Aveu sur la vie chère : Nous n’avons aucune compétence
Puis il aborde la question de la vie chère : “L’année 2024 a été une année difficile, notamment pendant cette 2ᵉ partie où nous devons répondre de manière déterminée, claire et obligatoire à un drame que nous vivons : c’est la cherté de la vie (…). Il y a un vrai problème de mal développement structurel de la Martinique qui conduit à faire de nous une société de consommation et de consommation, principalement de ce qui vient de l’extérieur”. Et il passe pour la première fois aux aveux. La CTM n’a aucune compétence dans ce domaine, fait-il mine de découvrir : “L’organisation institutionnelle de l’État aujourd’hui fait qu’on ne donne aucune compétence à la Collectivité Territoriale ni pour juguler les prix, ni pour faire contrôler les comptes des distributeurs, ni pour travailler sur les monopoles ou les oligopoles. Donc ça c’est extrêmement important. Et encore pire, nous n’avons pas les moyens et les compétences réglementaires, les moyens financiers, les moyens législatifs pour relancer la production locale tant par la maîtrise foncière, que les politiques de distribution, etc.”. Il faut ici rappeler que, depuis 2022, Serge Letchimy s’est livré à une intense démagogie sur la question de la vie chère : déclaration d’État d’urgence sur les prix le 12-13/04/2022 (Justice n°16 du 21/04/2022), demande de blocage des prix au Préfet Jean-Christophe Bouvier (Justice n° 50 du 14/12/2023), etc. Des auditions des principaux acteurs économiques avaient été organisées à grands renforts de communications médiatiques. Serge Letchimy avait promis de baisser les prix de 1 000 produits de première nécessité, etc. Et dire que dans le Protocole d’objectifs et de moyens du 16/10/2024 il a inclus des clauses faisant croire que la CTM peut en contrôler l’application. Vèglaj ! Alors aujourd’hui, il faut exiger enfin que l’État français prenne ses responsabilités en décrétant le contrôle des prix outre-mer.

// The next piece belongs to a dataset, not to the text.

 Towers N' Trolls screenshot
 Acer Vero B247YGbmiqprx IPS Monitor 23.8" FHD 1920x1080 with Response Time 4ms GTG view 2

Éviter les déficits par l’emprunt ?
Le président du conseil exécutif de la CTM annonce des chantiers en 2025 : liaison carrère-brasserie lorraine, rivière des pères au Prêcheur, plaine de Rivière-Salée, conservatoire de la musique, de l’art et de la culture au Lycée Schœlcher, etc. Il rappelle le poids financier des obligations de la CTM en matière sociale. Nouvel aveu : Serge Letchimy admet les difficultés financières de m’institution qu’il dirige : “Je m’excuse auprès de tous ceux qui n’ont pas encore leur réponse, c’est parce qu’on travaille au cordeau pour éviter les déficits pour pouvoir mieux organiser la performance de l’emprunt et de l’investissement”. Le budget primitif 2025 baisse et accroit l’emprunt pour faire face aux investissements indispensables.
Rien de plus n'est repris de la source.